Distinguished Dromedary: And then—

Ferocious Lightning: You can just say that— you can just say that within the context you're being provided is black hole present. Let's assume you're importing that from some module or something. So— or however, it's present in the context just to make it simpler.

Distinguished Dromedary: Okay, so device.blackhole present.

Ferocious Lightning: Or you can just put black hole present. It's fine.

Distinguished Dromedary: Okay. So if black hole present, so should I pass in tuples here? Should I just pass in all 4 coordinates? Or like an array?

Ferocious Lightning: What does the— sorry, what is the problem statement?

Distinguished Dromedary: It says bottom left, top right. I'm not sure, like, should the bottom left be a tuple?

Ferocious Lightning: Okay, yeah, let's assume you're passing tuples. So we can use that data structure to pass the coordinate tuples.

Distinguished Dromedary: The bottom, bottom left, bottom right. So this is the bottom left of it, so bottom X, bottom Y, and then top right. So a tuple of top X, and then top y. So if black hole present— so actually, let me actually just do if not black hole present, return 0. So this is easy, our base case. If there's no black hole present in the entire grid, we don't have to do anything.
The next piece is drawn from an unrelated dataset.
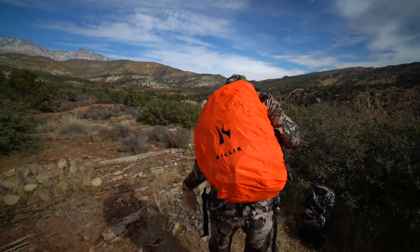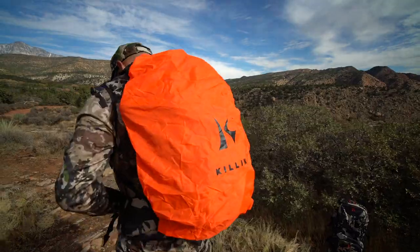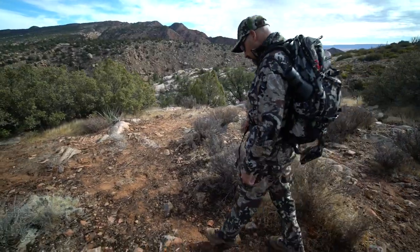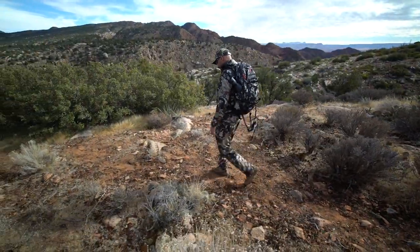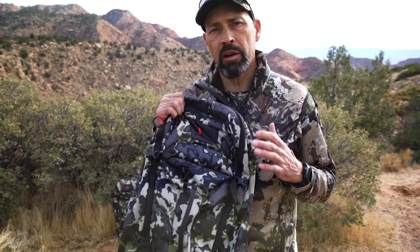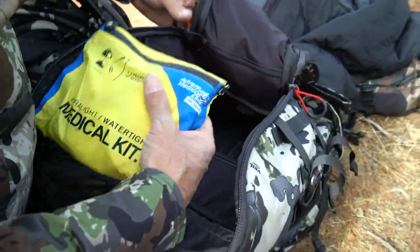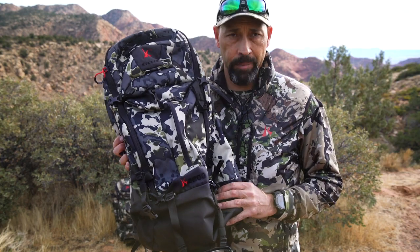A removable weapon holder, rain cover, and hydration reservoir pocket are included, but the reservoir is sold separately. Dual back supports give you added torso stability and strength to prevent the pack from shifting under a load. The large main compartment is accessible through a large horseshoe zipper and everything can be quickly located easily. The Killik K2200 is only available in Big Sky camo.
Ferocious Lightning: Okay.

Distinguished Dromedary: And then second is If— so what if our tuples equal each other? So if our tuples equal each other and we've already checked that there is a black hole present, then we return 1. So those are our two base cases here for our binary search. And now basically what we have to do is what we described is just basically breaking this up into 4 quadrants. So let's— yeah, this is— this can have a lot of— there's a lot of edge cases here. So let's get our middle— so our middle X, and then our middle y. We might need more, but let me just try with this. So our middle x is going to be— so bottom x plus top x divided by 2, and then our middle y, so that is going to be bottom y Plus topY divided by 2. Okay. And now basically let's try defining our 4 parts now. So let's start with the top.— so let's start with the bottom left quadrant. The bottom left quadrant, so count black holes. So for this, we are starting at our bottom x— Uh— Bottom y, and then where are we going to? We are going to our middle x and our middle y, which would be the top coordinates of our bottom left quadrant. And then now let's do the bottom right quadrant.

Ferocious Lightning: Okay.

Distinguished Dromedary: So counts black holes. So now, okay, going back to our example, our example 1, we need to start at, we need to start at, bottom x 1. And also just as a point of clarification, I'm not sure if our function will need it, but what would happen if I pass in a value to black hole present that is out of bounds, or do we want to just try to avoid that as much as possible.

Ferocious Lightning: Let's try to avoid that. Actually, let's avoid that, yeah.

Distinguished Dromedary: Okay. So we might—

Ferocious Lightning: I mean, you could— sorry, to give you some— maybe you could, you know, have it assume that it throws and then capture it, but it's gonna make things more complicated. Let's just write it in a way that you don't pass something that's out of bounds.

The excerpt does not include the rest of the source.